To be traditional, espresso must also be made using a bar coffee machine, by a trained “barista,“ or cafe operator. The coffee must be freshly ground, and brewed for 20 to 27 seconds.

There are also regulations regarding the type of cup (porcelain with a narrow bottom), amount of coffee in the cup (between 13 and 26 grams) and its temperature, between 90 and 96 degrees Celsius.

Stovetop Moka espresso machines and coffee capsules do not count. “We have nothing against capsules,” Caballini di Sassoferrato said. “We aren’t against any type of coffee, we are for our method.”

Though the consortium was founded only in 2014, the Italian affair with coffee dates back centuries.

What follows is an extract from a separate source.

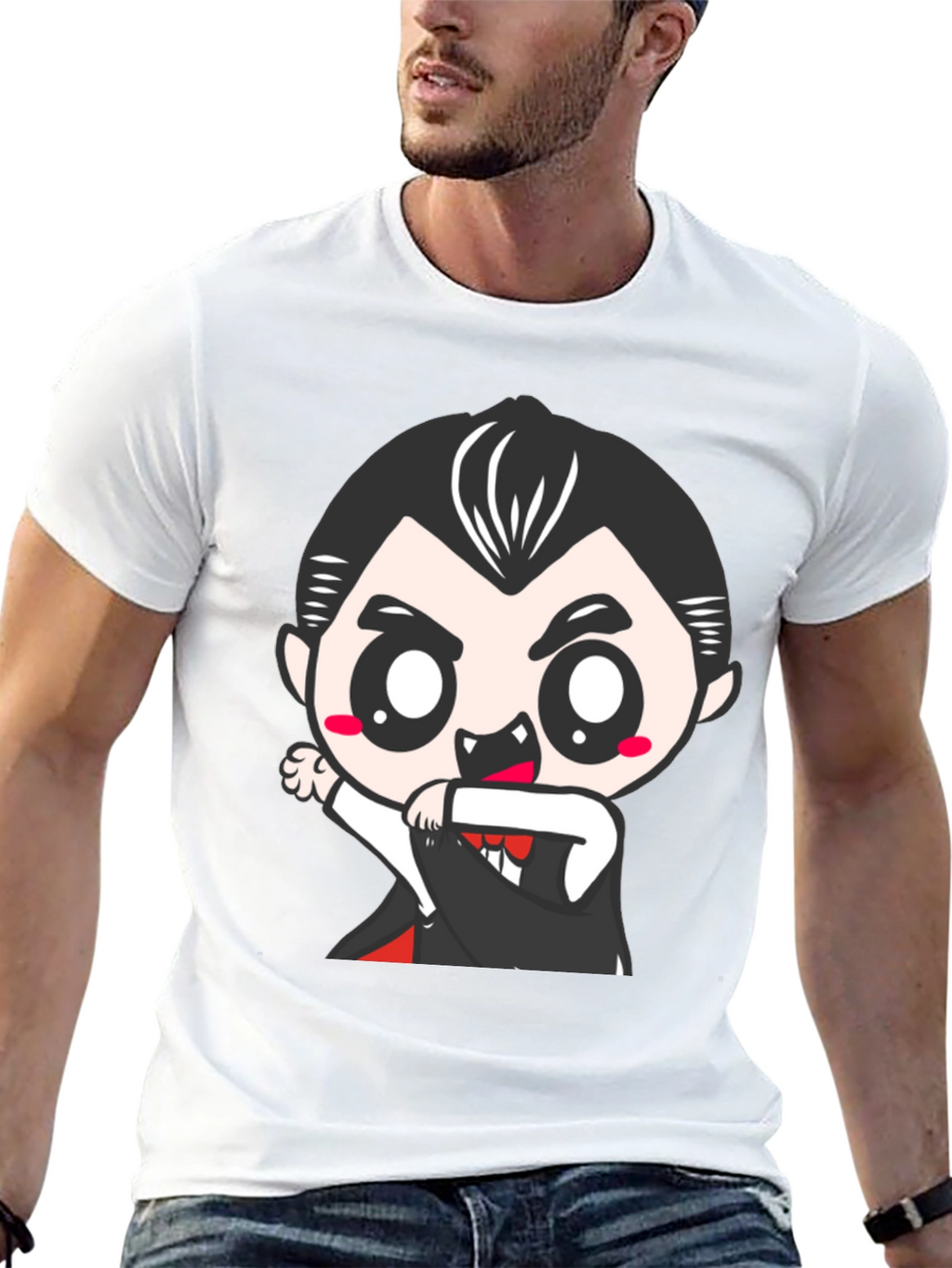 Cute Cartoon Vampire Graphic Tee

Venetian merchants began to trade in coffee beans in the 17th century (some historians believe a century earlier), and by 1750 coffee shops had become so popular in Venice that Carlo Goldoni wrote a popular comedy about one, “The Coffee House.”

Their popularity spread. “I can assure you that it if weren’t for Italian espresso and the social ritual of espresso coffee, Italy wouldn’t exist as we know it,” said Massimo Cerulo, a sociologist at the Università degli Studi di Perugia. “We cannot separate espresso the drink from the social ritual, because it is a routine, a socially shared practice.”

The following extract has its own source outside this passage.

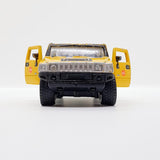 Vintage 2005 Yellow Hummer Maisto Car Toy | Beste Vintage -Autos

Coffee was also a harbinger of democracy. “The public sphere as we know it was born in coffeehouses,” he noted, adding that Italy had some of the world’s oldest and most beautiful coffeehouses, like Venice’s “Florian,” Turin’s “Al Bicherin,” or Rome’s “Antico Caffe Greco,” which all opened in the 18th century. “Around a cup of espresso you have the possibility of meeting many people, regardless of status, class, wealth, political ideas,” he said. “It creates a community.”

Luca Fabbri, a consultant for the consortium, noted that the regulations developed by the consortium had already improved the national coffee culture. “Even if we don’t get the UNESCO recognition, we’ve already hit the jackpot because the Italian coffee sector is united,” he said.

Last year, Italy was one of eight countries recognized by UNESCO for the art of dry stone walling. And in 2017, the U.N. organization gave a nod to Neapolitan pizza makers.

Tuesday’s media launch was held at the Chamber of Deputies in Rome, and was attended by a half-dozen members of Parliament from parties in the majority and in the opposition, a rare moment of concord that was repeatedly commented on by those present. “The best coffee in the world is Italian so it has the support of everyone,” said Filippo Gallinella of the Five Star Movement.

They joked that the Chamber’s snack bar — known as the “buvette” — was the only place in Parliament where political brawls rarely broke out. Gadda added that the staff there could use a refresher course on how to make good espresso.

The candidacy now has a series of UNESCO loops and committees to jump through before a decision is taken, possibly next year. The only problem was the ill-timed news that on Monday a group in Naples had held a symposium, part of a campaign to inscribe Neapolitan espresso coffee, which has its own traditions, on the UNESCO Intangible Cultural Heritage of Humanity list.

Caballini di Sassoferrato said that in the past he had unsuccessfully tried to reach out to the Neapolitans, who started their campaign after the consortium did. “We were caught off guard, but I wish them luck,” he said.

Francesco Emilio Borrelli, a Green party member of the Campania regional assembly and the president of the region’s UNESCO commission who spearheaded the Neapolitan campaign, denied knowing about the consortium’s bid.

Instead, he found it suspicious that the consortium had called a news conference the day after the symposium’s event. “That’s quite the coincidence,” he noted dryly in a telephone interview. But Borrelli held out an olive branch, saying he would try to contact the consortium, “so we can meet and unite forces.”